-- Exercise instructions --
Quote the entries in full, character for character, without their images.

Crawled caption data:
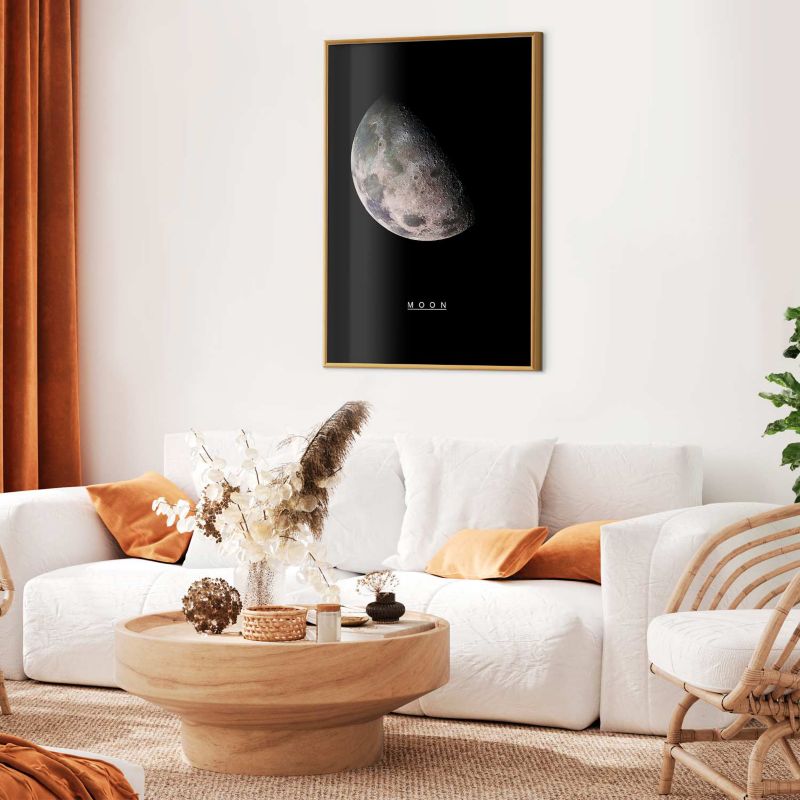 Plakat Artgeist Księżyc 60x90 cm z ramą złotą 1 szt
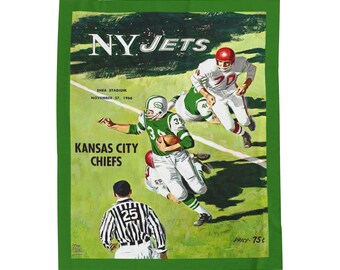 Velveteen Plush Blanket, 1966 New York Jets Football Fleece Throw, Sports Fan Bedding, Football Decor, Gift for Football Fan, Home Decor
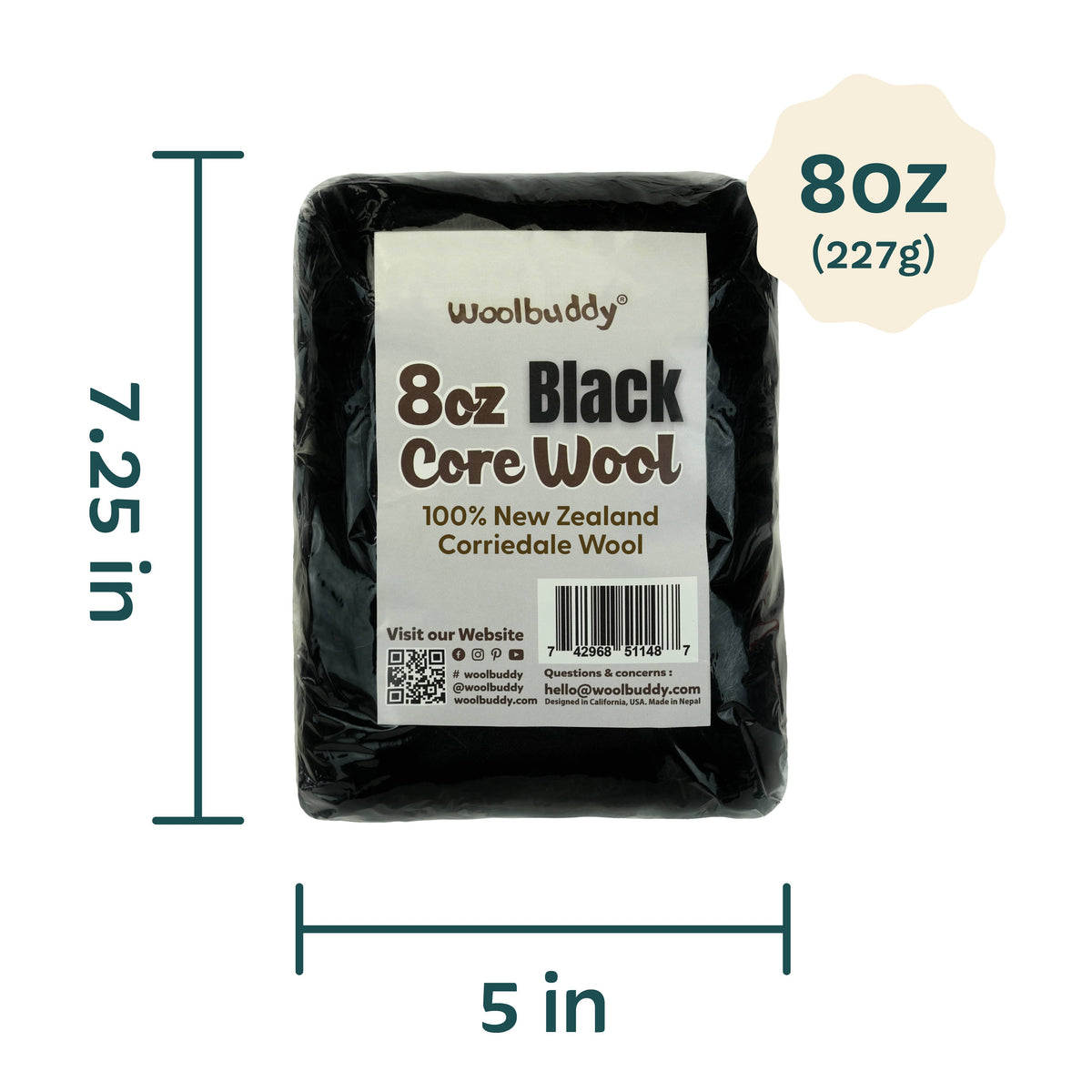 Woolbuddy Core Wool Roving 8oz Black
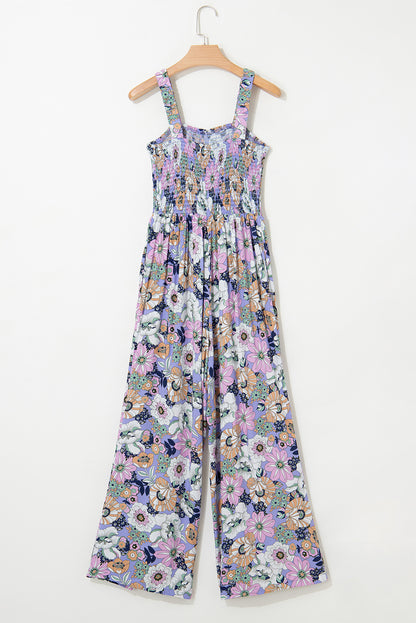 Purple Floral Print Smocked High Waist Square Neck Jumpsuit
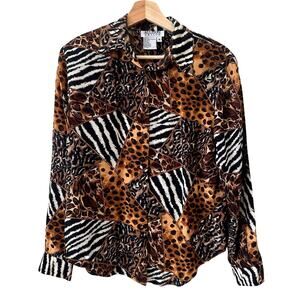 Vintage Allison Taylor 100% Silk Animal Cheetah Tiger Print Button up Blouse M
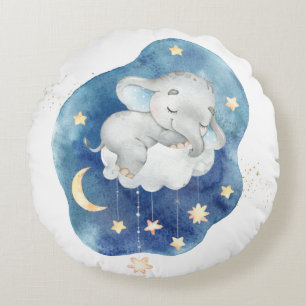 Coussins Ronds Éléphant Bébé Endormi Adorable Décoration de la Ch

-- Output --
 Plakat Artgeist Księżyc 60x90 cm z ramą złotą 1 szt
 Velveteen Plush Blanket, 1966 New York Jets Football Fleece Throw, Sports Fan Bedding, Football Decor, Gift for Football Fan, Home Decor
 Woolbuddy Core Wool Roving 8oz Black
 Purple Floral Print Smocked High Waist Square Neck Jumpsuit
 Vintage Allison Taylor 100% Silk Animal Cheetah Tiger Print Button up Blouse M
 Coussins Ronds Éléphant Bébé Endormi Adorable Décoration de la Ch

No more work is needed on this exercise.